Information shown
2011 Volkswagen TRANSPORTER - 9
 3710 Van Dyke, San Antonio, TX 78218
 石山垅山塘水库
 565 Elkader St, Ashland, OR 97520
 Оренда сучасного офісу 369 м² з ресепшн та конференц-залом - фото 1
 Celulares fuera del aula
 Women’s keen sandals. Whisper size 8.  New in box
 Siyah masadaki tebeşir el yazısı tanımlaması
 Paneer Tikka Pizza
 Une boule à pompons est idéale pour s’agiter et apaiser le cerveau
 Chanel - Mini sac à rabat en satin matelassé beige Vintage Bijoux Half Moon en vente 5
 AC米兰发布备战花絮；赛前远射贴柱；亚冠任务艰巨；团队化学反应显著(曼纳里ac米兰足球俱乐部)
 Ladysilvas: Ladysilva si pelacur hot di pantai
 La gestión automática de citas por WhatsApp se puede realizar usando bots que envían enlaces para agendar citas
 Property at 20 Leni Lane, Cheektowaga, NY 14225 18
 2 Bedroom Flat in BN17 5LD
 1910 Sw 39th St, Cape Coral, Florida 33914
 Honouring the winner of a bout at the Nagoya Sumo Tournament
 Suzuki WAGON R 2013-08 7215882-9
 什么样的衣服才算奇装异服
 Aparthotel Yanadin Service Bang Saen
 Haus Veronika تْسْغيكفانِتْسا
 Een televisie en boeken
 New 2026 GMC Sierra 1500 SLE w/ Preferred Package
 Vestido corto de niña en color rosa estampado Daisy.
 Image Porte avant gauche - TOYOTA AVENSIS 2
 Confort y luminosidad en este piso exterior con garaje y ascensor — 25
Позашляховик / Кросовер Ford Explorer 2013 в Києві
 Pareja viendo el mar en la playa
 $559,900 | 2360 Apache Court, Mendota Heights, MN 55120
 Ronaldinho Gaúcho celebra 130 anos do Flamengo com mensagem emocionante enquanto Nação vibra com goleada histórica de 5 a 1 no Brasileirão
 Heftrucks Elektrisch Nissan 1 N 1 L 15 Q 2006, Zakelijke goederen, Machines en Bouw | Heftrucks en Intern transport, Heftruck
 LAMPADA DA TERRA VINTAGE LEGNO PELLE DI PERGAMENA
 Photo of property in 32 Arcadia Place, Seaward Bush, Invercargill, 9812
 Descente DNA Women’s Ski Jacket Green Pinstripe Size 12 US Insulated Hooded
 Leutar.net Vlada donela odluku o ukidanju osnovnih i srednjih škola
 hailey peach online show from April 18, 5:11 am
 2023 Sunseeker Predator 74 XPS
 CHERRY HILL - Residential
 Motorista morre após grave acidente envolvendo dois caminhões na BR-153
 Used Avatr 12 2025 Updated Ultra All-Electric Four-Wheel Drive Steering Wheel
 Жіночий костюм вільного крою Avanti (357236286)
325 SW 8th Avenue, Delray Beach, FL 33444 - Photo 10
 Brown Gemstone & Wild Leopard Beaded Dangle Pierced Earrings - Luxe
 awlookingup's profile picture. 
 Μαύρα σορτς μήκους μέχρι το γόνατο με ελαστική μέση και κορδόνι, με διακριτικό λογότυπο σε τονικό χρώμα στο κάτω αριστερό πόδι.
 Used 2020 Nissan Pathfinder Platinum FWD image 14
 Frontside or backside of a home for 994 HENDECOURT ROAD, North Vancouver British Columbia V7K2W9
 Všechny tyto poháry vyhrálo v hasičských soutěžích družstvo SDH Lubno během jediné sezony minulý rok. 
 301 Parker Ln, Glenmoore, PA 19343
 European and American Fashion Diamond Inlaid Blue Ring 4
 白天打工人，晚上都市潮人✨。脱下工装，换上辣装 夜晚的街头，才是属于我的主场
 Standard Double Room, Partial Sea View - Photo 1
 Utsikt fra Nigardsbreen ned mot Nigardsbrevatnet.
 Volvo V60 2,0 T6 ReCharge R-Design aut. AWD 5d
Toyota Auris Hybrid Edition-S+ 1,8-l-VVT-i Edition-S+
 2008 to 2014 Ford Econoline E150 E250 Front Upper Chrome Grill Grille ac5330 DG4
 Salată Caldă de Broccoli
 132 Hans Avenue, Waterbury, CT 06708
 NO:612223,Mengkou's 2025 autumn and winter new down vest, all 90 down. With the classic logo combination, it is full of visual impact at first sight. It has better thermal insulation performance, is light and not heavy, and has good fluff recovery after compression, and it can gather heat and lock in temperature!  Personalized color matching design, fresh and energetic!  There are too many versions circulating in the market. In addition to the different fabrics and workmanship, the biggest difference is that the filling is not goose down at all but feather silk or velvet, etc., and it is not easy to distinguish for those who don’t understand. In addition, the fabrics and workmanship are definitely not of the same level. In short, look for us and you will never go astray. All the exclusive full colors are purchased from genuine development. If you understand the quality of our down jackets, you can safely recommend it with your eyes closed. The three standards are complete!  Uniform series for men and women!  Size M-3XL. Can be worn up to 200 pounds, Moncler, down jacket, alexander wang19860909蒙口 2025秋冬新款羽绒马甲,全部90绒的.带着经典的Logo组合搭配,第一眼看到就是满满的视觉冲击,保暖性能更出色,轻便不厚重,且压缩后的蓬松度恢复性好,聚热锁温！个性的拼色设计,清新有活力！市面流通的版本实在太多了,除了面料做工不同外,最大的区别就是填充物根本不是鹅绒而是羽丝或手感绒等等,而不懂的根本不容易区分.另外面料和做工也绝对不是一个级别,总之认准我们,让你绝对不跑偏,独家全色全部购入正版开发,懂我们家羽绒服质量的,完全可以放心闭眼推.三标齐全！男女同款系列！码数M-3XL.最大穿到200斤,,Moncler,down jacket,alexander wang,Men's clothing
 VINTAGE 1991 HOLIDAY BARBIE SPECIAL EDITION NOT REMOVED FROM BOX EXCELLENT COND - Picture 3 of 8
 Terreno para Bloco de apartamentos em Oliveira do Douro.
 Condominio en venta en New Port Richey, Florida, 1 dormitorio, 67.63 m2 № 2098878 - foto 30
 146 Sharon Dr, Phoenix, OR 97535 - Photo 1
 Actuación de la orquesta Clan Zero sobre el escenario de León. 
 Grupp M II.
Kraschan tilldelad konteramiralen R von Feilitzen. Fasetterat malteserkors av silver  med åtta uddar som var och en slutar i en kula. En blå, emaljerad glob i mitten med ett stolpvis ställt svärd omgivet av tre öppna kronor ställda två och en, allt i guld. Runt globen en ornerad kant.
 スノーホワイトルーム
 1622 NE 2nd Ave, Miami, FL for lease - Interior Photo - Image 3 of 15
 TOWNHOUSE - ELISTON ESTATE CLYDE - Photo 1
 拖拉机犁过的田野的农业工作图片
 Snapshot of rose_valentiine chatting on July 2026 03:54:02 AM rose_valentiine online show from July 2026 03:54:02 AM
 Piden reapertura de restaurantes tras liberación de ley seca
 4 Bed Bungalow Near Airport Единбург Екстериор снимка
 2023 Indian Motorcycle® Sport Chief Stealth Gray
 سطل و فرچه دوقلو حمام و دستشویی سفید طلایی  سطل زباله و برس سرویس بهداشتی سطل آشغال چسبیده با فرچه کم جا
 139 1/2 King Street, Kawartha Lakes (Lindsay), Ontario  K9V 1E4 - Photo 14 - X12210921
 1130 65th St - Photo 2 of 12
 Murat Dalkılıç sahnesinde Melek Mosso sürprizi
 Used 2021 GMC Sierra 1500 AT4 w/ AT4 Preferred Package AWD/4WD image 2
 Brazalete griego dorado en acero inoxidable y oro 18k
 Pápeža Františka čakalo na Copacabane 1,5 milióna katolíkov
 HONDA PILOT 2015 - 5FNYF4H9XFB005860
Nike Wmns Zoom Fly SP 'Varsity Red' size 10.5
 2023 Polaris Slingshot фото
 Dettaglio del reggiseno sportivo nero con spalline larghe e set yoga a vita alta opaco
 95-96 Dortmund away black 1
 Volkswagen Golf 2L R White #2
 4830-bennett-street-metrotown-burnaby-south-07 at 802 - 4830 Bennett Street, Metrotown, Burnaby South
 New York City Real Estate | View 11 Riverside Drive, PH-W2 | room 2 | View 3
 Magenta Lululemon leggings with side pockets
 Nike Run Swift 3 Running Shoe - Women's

Assignment
Copy every line of the records above, starting with the first, up to and including the line containing "Motorista morre após".

Answer to this problem
2011 Volkswagen TRANSPORTER - 9
 3710 Van Dyke, San Antonio, TX 78218
 石山垅山塘水库
 565 Elkader St, Ashland, OR 97520
 Оренда сучасного офісу 369 м² з ресепшн та конференц-залом - фото 1
 Celulares fuera del aula
 Women’s keen sandals. Whisper size 8.  New in box
 Siyah masadaki tebeşir el yazısı tanımlaması
 Paneer Tikka Pizza
 Une boule à pompons est idéale pour s’agiter et apaiser le cerveau
 Chanel - Mini sac à rabat en satin matelassé beige Vintage Bijoux Half Moon en vente 5
 AC米兰发布备战花絮；赛前远射贴柱；亚冠任务艰巨；团队化学反应显著(曼纳里ac米兰足球俱乐部)
 Ladysilvas: Ladysilva si pelacur hot di pantai
 La gestión automática de citas por WhatsApp se puede realizar usando bots que envían enlaces para agendar citas
 Property at 20 Leni Lane, Cheektowaga, NY 14225 18
 2 Bedroom Flat in BN17 5LD
 1910 Sw 39th St, Cape Coral, Florida 33914
 Honouring the winner of a bout at the Nagoya Sumo Tournament
 Suzuki WAGON R 2013-08 7215882-9
 什么样的衣服才算奇装异服
 Aparthotel Yanadin Service Bang Saen
 Haus Veronika تْسْغيكفانِتْسا
 Een televisie en boeken
 New 2026 GMC Sierra 1500 SLE w/ Preferred Package
 Vestido corto de niña en color rosa estampado Daisy.
 Image Porte avant gauche - TOYOTA AVENSIS 2
 Confort y luminosidad en este piso exterior con garaje y ascensor — 25
Позашляховик / Кросовер Ford Explorer 2013 в Києві
 Pareja viendo el mar en la playa
 $559,900 | 2360 Apache Court, Mendota Heights, MN 55120
 Ronaldinho Gaúcho celebra 130 anos do Flamengo com mensagem emocionante enquanto Nação vibra com goleada histórica de 5 a 1 no Brasileirão
 Heftrucks Elektrisch Nissan 1 N 1 L 15 Q 2006, Zakelijke goederen, Machines en Bouw | Heftrucks en Intern transport, Heftruck
 LAMPADA DA TERRA VINTAGE LEGNO PELLE DI PERGAMENA
 Photo of property in 32 Arcadia Place, Seaward Bush, Invercargill, 9812
 Descente DNA Women’s Ski Jacket Green Pinstripe Size 12 US Insulated Hooded
 Leutar.net Vlada donela odluku o ukidanju osnovnih i srednjih škola
 hailey peach online show from April 18, 5:11 am
 2023 Sunseeker Predator 74 XPS
 CHERRY HILL - Residential
 Motorista morre após grave acidente envolvendo dois caminhões na BR-153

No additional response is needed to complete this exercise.